I have just stumbled upon this. I am new to the group and the mom of an almost 9 year old suspected aspie. He sneaks food too! As in cleans out a box of snickers ice cream bars, hides the wrappers, and leaves an empty box in the freezer. I didn't realize that it could be connected. I'll definitely mention to his therapist.
 
I have just stumbled upon this. I am new to the group and the mom of an almost 9 year old suspected aspie. He sneaks food too! As in cleans out a box of snickers ice cream bars, hides the wrappers, and leaves an empty box in the freezer. I didn't realize that it could be connected. I'll definitely mention to his therapist.

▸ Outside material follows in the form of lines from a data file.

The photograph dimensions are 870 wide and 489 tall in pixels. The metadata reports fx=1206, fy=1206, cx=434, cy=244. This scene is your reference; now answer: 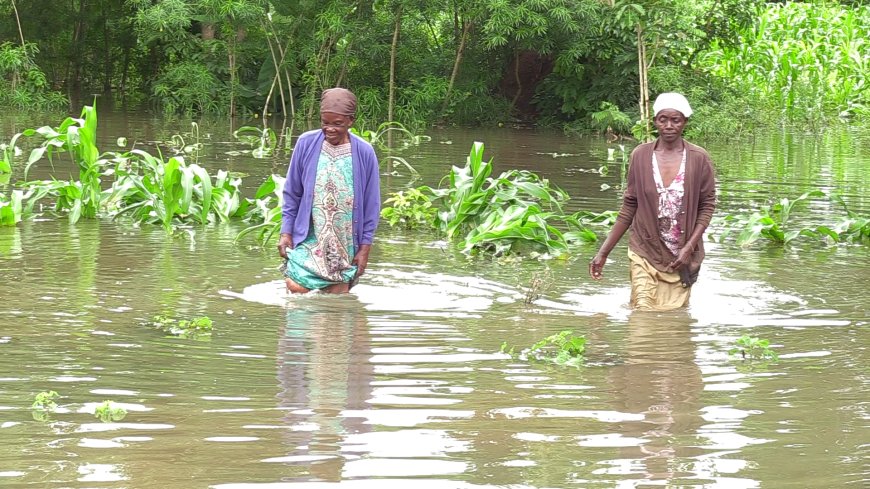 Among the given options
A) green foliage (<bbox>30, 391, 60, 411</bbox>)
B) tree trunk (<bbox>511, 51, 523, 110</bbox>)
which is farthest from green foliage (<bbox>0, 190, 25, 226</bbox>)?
tree trunk (<bbox>511, 51, 523, 110</bbox>)

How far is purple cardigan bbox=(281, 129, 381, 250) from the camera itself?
238 inches

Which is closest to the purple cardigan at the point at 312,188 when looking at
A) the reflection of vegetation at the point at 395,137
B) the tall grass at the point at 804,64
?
the reflection of vegetation at the point at 395,137

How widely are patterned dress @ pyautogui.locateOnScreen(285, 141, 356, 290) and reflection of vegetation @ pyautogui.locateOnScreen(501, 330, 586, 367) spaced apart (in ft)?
3.94

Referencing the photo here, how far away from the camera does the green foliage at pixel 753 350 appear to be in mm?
5293

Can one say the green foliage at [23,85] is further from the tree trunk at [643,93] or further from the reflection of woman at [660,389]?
the reflection of woman at [660,389]

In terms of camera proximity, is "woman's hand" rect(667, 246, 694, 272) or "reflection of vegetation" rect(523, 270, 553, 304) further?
"reflection of vegetation" rect(523, 270, 553, 304)

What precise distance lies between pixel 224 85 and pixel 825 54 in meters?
11.1

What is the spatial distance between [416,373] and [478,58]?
17362mm

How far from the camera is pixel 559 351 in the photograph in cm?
525

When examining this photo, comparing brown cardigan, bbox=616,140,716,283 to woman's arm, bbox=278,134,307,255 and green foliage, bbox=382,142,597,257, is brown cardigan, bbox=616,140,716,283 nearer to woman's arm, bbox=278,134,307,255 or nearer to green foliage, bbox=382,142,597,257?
woman's arm, bbox=278,134,307,255

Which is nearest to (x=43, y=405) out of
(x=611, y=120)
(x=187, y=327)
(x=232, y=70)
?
(x=187, y=327)

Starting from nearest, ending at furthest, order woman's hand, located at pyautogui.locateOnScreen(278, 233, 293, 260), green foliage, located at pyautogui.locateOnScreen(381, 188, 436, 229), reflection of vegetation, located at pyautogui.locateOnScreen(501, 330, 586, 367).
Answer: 1. reflection of vegetation, located at pyautogui.locateOnScreen(501, 330, 586, 367)
2. woman's hand, located at pyautogui.locateOnScreen(278, 233, 293, 260)
3. green foliage, located at pyautogui.locateOnScreen(381, 188, 436, 229)

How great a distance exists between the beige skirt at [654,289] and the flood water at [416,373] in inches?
3.2

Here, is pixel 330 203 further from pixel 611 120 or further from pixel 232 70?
pixel 232 70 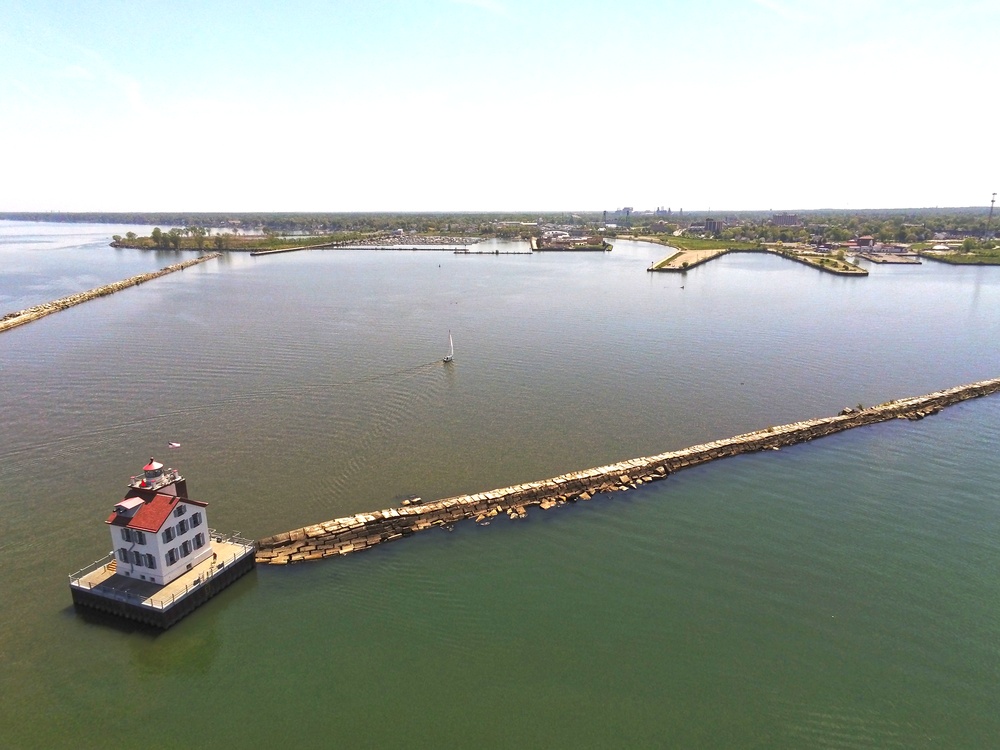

Sometimes children are seeking what they are lacking. For instance a child that is dehydrated will often seek salty snacks as this is what the body craves. You may want to keep an eye out for such things, or make sure he is getting what he needs nutritionally.
 
We ALL need more chocolate! But seriously... I'll watch more closely to see if he is attempting to balance his nutrients out. Just wish it was veggies.